Croissance, décroissance, développement (1)

15 juin 2006

Résumé

La “croissance” concept quantitatif unidimensionnel, désigne l’augmentation du produit national. Le “développement” avec lequel elle s’est longtemps confondue, s’en est détaché au fil des problèmes
humains et environnementaux qu’elle soulevait. Il désigne un objectif qualitatif et multidimensionnel,se référant aux seules formes de croissance respectueuses des régulations conditionnant la reproduction de la biosphère et donc de l’espèce humaine. Le concept au demeurant mal défini de “décroissance” ne saurait en aucun cas se substituer à celui-ci : parce que l’évolution est indissociable de l’existence même de la vie, ce n’est pas dans la régression, mais dans le dépassement que se situent les voies de l’avenir.

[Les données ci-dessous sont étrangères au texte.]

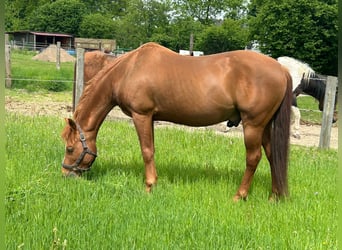 American Quarter Horse, Ogier, 20 lat, 149 cm, Kasztanowata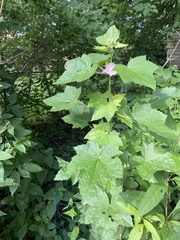 Malva thuringiaca
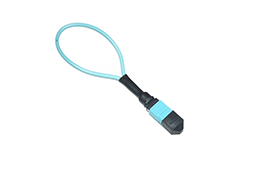 MPOMTP  Loopback (2).png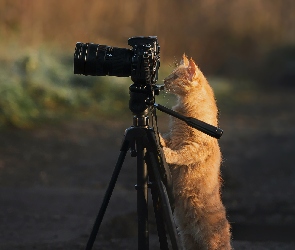 Kot, Aparat fotograficzny, Rudy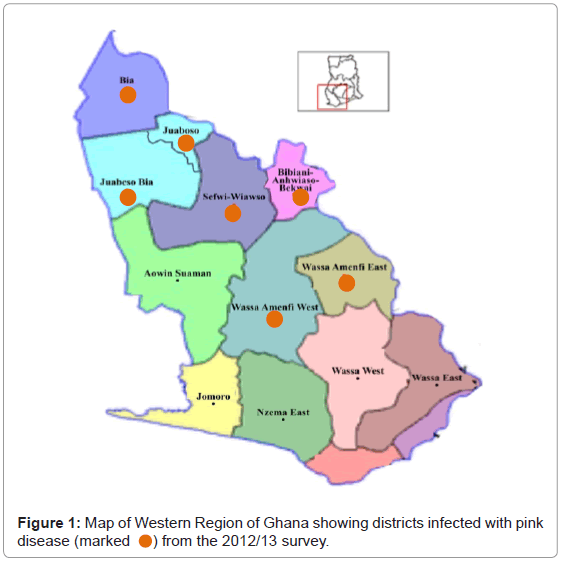 plant-pathology-microbiology-Western-Region-Ghana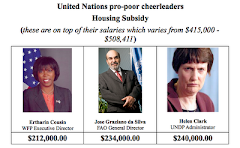 This is what pro-poor means at United Nations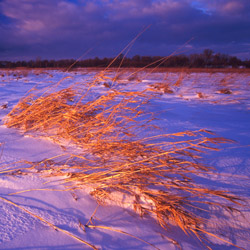 Bilgoraj Plain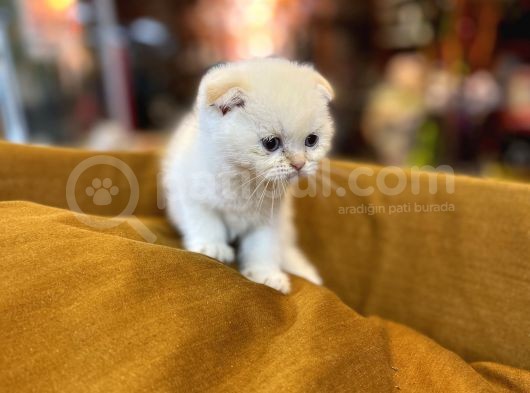 Safkan Scottish Fold Kedileri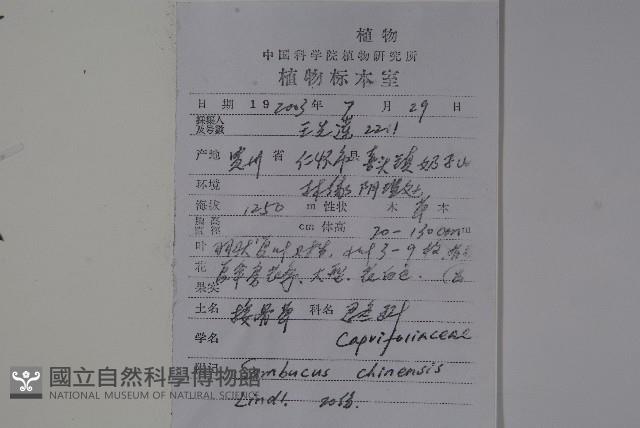 冇骨消藏品圖，第2張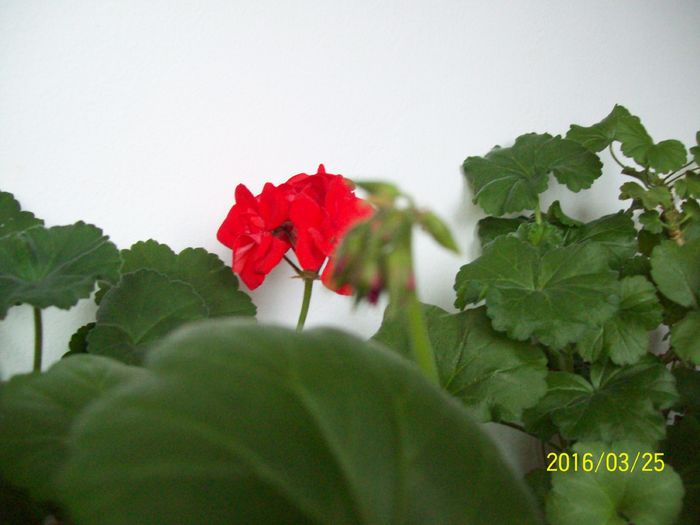 103_5596 - Muscate 2015-2016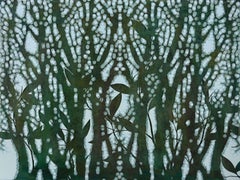 The Forest Nor The Trees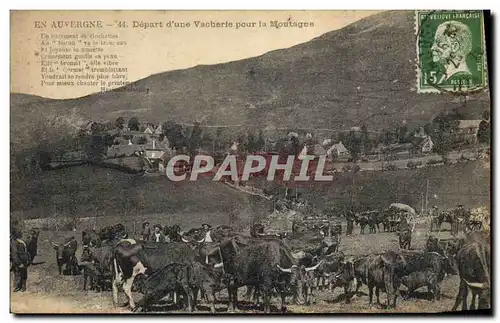 Cartes postales Folklore Auvergne Depart d'une vacherie pour la montagne Vaches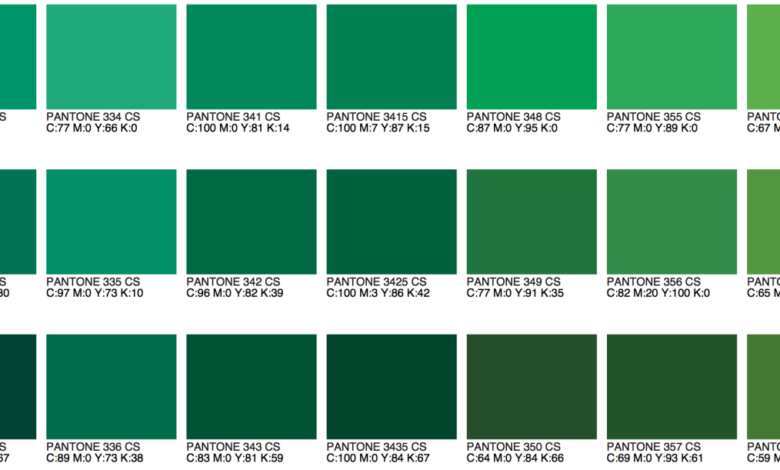 Green masters program goes hand in hand with evergreens core values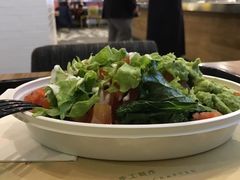 -油梨树 AVOCADO TREE(亮马桥店)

Télécharger l’article en format pdf :

EDD2Passet


Mise en garde : Cette version imprimable fait référence à l’ancien plan de classement de l’encyclopédie.


La nouvelle classification de cet article est :

1.3- Le développement durable en débat
4.1- Modèles de développement

Auteur·e

Passet René

René Passet, Professeur émérite d’économie à l’Université Paris 1-Panthéon-Sorbonne. Pionnier du développement durable et d’une économie transdisciplinaire.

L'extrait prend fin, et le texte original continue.